*What the task requires*
Your answer should be the lines below from the one with "24-Piece Ribbon Bowknot" to the one with "Cotton Turtleneck Sweater with Contrast Cuff", both included, given again exactly and with nothing added.

[Exercise material Boundary: Start]

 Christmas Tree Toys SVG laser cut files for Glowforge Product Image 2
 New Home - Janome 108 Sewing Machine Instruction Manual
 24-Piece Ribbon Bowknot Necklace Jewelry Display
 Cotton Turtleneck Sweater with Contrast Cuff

[Exercise material Boundary: End]
[Exercise material Boundary: Start]

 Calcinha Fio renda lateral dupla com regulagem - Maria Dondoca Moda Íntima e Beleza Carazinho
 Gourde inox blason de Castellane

[Exercise material Boundary: End]
[Exercise material Boundary: Start]

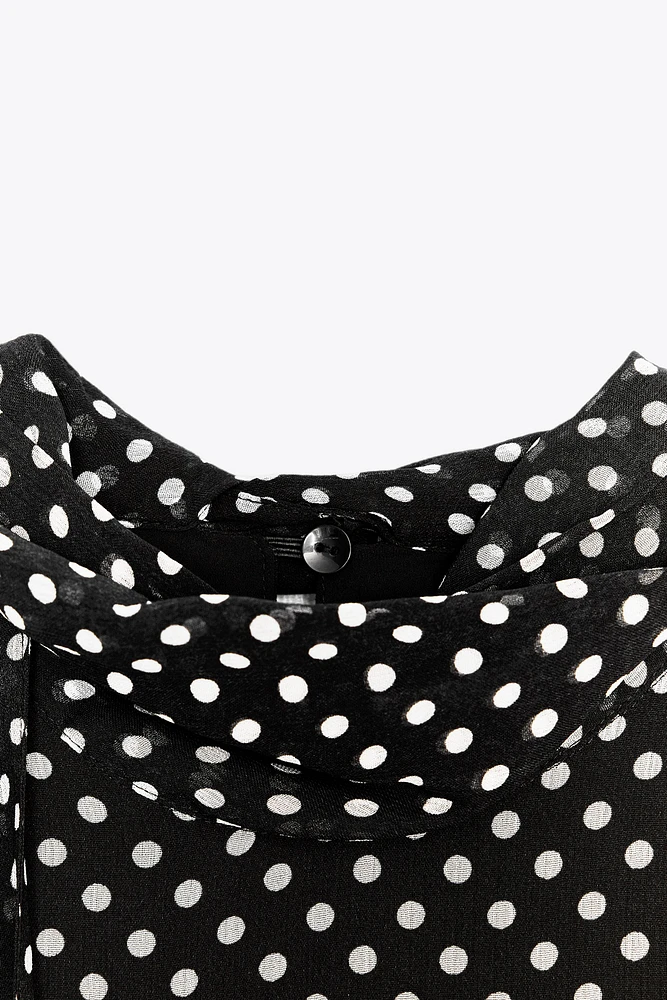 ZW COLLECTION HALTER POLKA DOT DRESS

[Exercise material Boundary: End]

*Expected output*
 24-Piece Ribbon Bowknot Necklace Jewelry Display
 Cotton Turtleneck Sweater with Contrast Cuff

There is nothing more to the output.